The underlying assumption is that we can buy evenly spread immortality by frittering money away on this inherently inefficient and ultimately unworkable socialist monster.
But I don’t mean to single out the NHS specifically – what needs dumping is the pernicious philosophy that made the NHS, and the whole ruinous, corrupting welfare state, possible. And if you think we’ll ever have a leader capable of this, there’s a bridge across the Thames I’d like to sell you.
Instead the chancellor unveiled a devilishly clever scheme to cut stamp duty, and I use the word ‘devilishly’ advisedly.
Anyone buying a house for under £925,000 will henceforth save a few thousand, supposedly making it possible for first-time buyers to get on the housing ladder.
The announcement was followed by a few rent-a-crowd interviews, of which one impressed me especially because the happy beneficiary of the chancellor’s largesse is buying in my part of London.
This girl, in her mid-20s by the look of her, was gasping with delight. She thought she wouldn’t be able to buy the £400,000 flat of her dreams but, now she’ll save £2,000 on stamp duty, it’s a doddle.
I must congratulate the young lady on her ingenuity.

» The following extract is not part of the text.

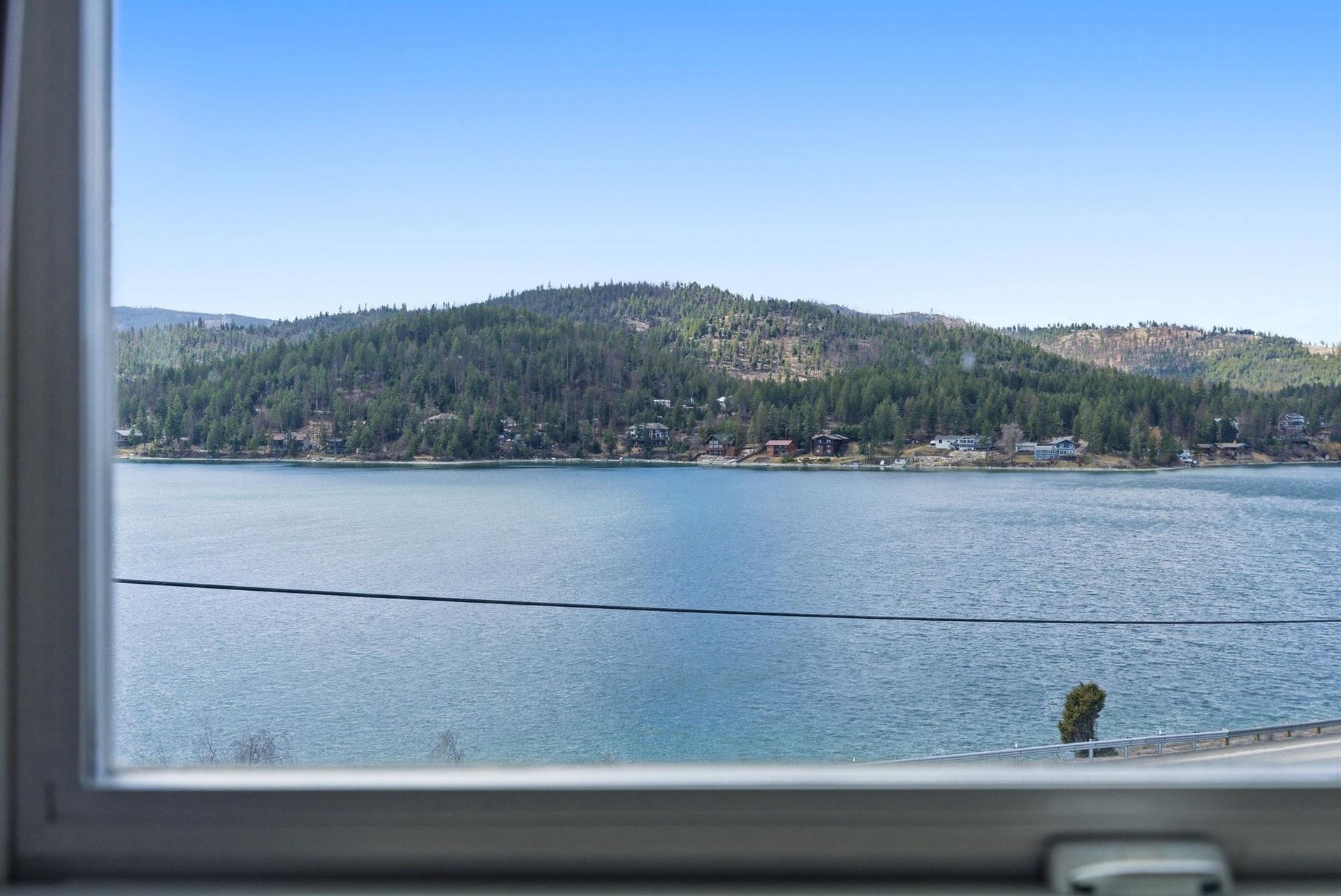 45 Roybals Way, Kalispell, MT 59901 Water view featuring a heavily wooded area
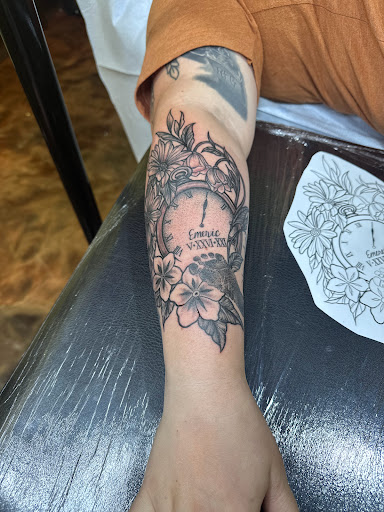 Explore hand tattoo ideas for females, creative tattoo ideas in Marietta, available at The Queen Bee Tattoo and Piercing Parlour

Being able to find a flat for that amount in my neighbourhood is like finding a virgin at a WAGs’ party. Finding a loose £400,000 (or being able to pay mortgage on that sum) is another glorious achievement at her age.
Now, my young friend, hand on your shapely breast, considering the overall outlay, does £2,000 really make the difference between buying and not?
George gave the impression it was more than that: it was almost the difference between life and death.
His conservative, smaller-state credentials thus established, George explained that the rich, those blood-sucking top 2% buying houses costing a million or more, which is to say buying in London, will pay more – in some cases £100,000 more – in stamp duty.
That makes George the sharing, caring type so popular on council estates and in Notting Hill. He is punishing the rich, stealing Labour’s mansion-tax thunder and improving his own electoral chances. Isn’t that what a responsible economic policy is all about?
But there’s some arithmetic involved, not just mass psychology. George is banking on the likelihood that this measure will heat up the already overheating housing market.
Since no one has yet repealed the law of supply-demand, house prices will go up, killing two birds with one stone.
Since property is by the far the greatest asset most families possess, they’ll welcome the increase in the paper value of their house.
At the same time they won’t mind very much that, should they want to convert paper value into cash, all other houses will have followed the same road, meaning our buyers will have to find an extra £75,000 to buy what was a workman’s cottage a generation or two ago.
Devilishly clever, my friend George. So clever that he’ll never have stupid little me vote for him and his equally clever friend Dave.
And you know what the most tragic thing is? Compared to the other lot, Dave and George just may be the lesser evil.